EMIR was introduced in the wake of the financial crisis to make financial markets safer and more stable. It aims to reduce risks to the financial system arising from derivatives transactions by increasing the transparency of the OTC derivatives market, where derivative contracts are not traded on an exchange but privately negotiated between two counterparties.
The changes aim to reduce costs and regulatory burdens without compromising financial stability, the Commission said.
The amendments cover streamlined reporting obligations, improvements to the quality of data reported to trade repositories, clearing obligations for non-financial and small financial counterparties and pension funds, central counterparty (CCP) transparency, risk mitigation for non-cleared OTC derivatives contracts, and the registration and supervision of trade repositories.
Transactions between a financial counterparty and a non-financial counterparty not subject to the clearing obligation will now be reported by the financial counterparty on behalf of both counterparties. This is to reduce the reporting burden for small non-financial counterparties, the Commission said.
Transactions between companies belonging to the same group, called 'intragroup transactions', where at least one of the two counterparties is a non-financial company will no longer have to be reported. These trades represent a relatively small proportion of all OTC derivative transactions and do not significantly contribute to systemic risk, it said.
Exchange-traded derivatives (ETDs) will be reported only by the CCP on behalf of both counterparties.
The amended regulations also clarify who has responsibility for reporting in certain specific circumstances, such as in derivative transactions involving a mutual fund or an alternative investment fund. In that situation the management company or manager will have to report the transaction, the Commission said.
Historic transactions that were entered into before the start of the reporting obligation on 12 February 2014 but were not still outstanding on that date will no longer need to be reported. Since many of these transactions are considered obsolete, this change will not have a significant impact on authorities' ability to monitor risk in the derivatives market, the Commission said.
Trade repositories will be required to put procedures in place to check the completeness and accuracy of the data reported to them. They will also have to establish procedures for cross-checking and comparing data with other trade repositories when the other counterparty reported their side of the transaction to a different trade repository, and for the transfer of data to another trade repository if a customer requests it.
Under the current rules non-financial counterparties must clear all derivatives if they exceed the clearing threshold for one class of derivatives. The Commission has proposed that they should only have to clear the asset classes for which they have breached the clearing threshold.
The proposal also introduces a clearing threshold for small financial counterparties, such as small banks or funds, based on the volume of OTC derivatives transactions. While all financial counterparties are required to report and collateralise OTC derivative transactions, only counterparties exceeding that threshold would be required to clear centrally, the Commission said.

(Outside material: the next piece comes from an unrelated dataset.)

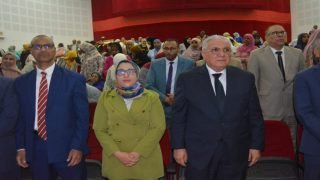 الرشيدية .. لقاء تواصلي حول الإدماج الإجتماعي للمرأة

The proposals include a new three–year temporary exemption for pension funds from central clearing, to give the industry time to develop a solution that allows pension funds to participate in central clearing without "negatively impacting the revenues of future pensioners", the Commission said.
Jyrki Katainen, vice-president for jobs, growth, investment and competitiveness said: "Our aim is to simplify rules as well as to eliminate disproportionate costs and burdens to small companies in the financial sector, corporates and pension funds. The targeted changes will deliver real benefits for the industry, without endangering financial stability. Building on consultations with stakeholders, this is a prime example of better regulation."